▸ Description of the task
Where a line contains "View of property featuring uncovered parking", start there and write out that line and each one after it, word for word, through the final line of the entries; add nothing else.

▸ Data for processing
--------------------------------------------------
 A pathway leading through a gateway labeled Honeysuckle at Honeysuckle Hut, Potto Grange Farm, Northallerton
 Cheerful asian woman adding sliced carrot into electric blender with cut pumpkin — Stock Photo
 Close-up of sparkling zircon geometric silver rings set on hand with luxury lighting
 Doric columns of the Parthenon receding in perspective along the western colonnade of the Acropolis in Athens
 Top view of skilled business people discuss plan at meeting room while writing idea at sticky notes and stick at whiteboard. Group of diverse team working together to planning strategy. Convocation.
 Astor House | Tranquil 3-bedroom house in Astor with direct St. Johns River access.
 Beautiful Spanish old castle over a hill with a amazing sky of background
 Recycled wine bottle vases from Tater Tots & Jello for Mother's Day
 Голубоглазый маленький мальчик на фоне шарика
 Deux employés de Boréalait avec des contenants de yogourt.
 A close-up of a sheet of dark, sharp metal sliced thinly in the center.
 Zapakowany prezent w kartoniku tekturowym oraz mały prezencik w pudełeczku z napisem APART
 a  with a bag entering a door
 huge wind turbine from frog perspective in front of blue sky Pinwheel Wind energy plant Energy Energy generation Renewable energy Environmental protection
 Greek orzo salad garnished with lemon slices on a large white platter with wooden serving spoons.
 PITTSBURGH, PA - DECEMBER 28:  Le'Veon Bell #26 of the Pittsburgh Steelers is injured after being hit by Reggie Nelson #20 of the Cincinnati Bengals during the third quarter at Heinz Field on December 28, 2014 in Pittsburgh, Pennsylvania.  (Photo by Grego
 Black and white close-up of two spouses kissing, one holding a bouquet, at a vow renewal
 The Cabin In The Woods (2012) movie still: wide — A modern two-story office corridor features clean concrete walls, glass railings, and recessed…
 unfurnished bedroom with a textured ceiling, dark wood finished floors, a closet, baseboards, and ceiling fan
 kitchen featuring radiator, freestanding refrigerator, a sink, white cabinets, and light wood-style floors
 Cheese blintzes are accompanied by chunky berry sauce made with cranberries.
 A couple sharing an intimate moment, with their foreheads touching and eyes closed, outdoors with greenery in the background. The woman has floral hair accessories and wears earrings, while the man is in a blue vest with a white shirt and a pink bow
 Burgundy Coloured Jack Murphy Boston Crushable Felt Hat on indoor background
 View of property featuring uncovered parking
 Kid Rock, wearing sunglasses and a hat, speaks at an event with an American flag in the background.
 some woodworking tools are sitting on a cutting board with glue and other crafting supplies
--------------------------------------------------
▸ Task solution
 View of property featuring uncovered parking
 Kid Rock, wearing sunglasses and a hat, speaks at an event with an American flag in the background.
 some woodworking tools are sitting on a cutting board with glue and other crafting supplies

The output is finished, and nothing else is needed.